Return only the line containing "dog tattoo 93" and each line after it, exactly as written, through the end of the records.
(Beginning of SOURCE MATERIAL)
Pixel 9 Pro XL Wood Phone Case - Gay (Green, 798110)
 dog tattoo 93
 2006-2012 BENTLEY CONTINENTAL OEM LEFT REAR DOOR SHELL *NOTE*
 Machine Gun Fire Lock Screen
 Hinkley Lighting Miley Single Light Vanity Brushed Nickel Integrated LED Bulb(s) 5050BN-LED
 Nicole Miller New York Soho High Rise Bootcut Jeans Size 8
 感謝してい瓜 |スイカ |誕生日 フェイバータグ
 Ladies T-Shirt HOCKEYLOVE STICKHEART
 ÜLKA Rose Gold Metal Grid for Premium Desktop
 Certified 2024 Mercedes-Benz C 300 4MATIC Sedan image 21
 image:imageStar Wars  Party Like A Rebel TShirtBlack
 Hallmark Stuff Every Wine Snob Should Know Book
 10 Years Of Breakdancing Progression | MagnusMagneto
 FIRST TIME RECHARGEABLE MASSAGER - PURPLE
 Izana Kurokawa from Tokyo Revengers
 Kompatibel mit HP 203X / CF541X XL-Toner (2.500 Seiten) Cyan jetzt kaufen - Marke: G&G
(End of SOURCE MATERIAL)
* REPLY:
 dog tattoo 93
 2006-2012 BENTLEY CONTINENTAL OEM LEFT REAR DOOR SHELL *NOTE*
 Machine Gun Fire Lock Screen
 Hinkley Lighting Miley Single Light Vanity Brushed Nickel Integrated LED Bulb(s) 5050BN-LED
 Nicole Miller New York Soho High Rise Bootcut Jeans Size 8
 感謝してい瓜 |スイカ |誕生日 フェイバータグ
 Ladies T-Shirt HOCKEYLOVE STICKHEART
 ÜLKA Rose Gold Metal Grid for Premium Desktop
 Certified 2024 Mercedes-Benz C 300 4MATIC Sedan image 21
 image:imageStar Wars  Party Like A Rebel TShirtBlack
 Hallmark Stuff Every Wine Snob Should Know Book
 10 Years Of Breakdancing Progression | MagnusMagneto
 FIRST TIME RECHARGEABLE MASSAGER - PURPLE
 Izana Kurokawa from Tokyo Revengers
 Kompatibel mit HP 203X / CF541X XL-Toner (2.500 Seiten) Cyan jetzt kaufen - Marke: G&G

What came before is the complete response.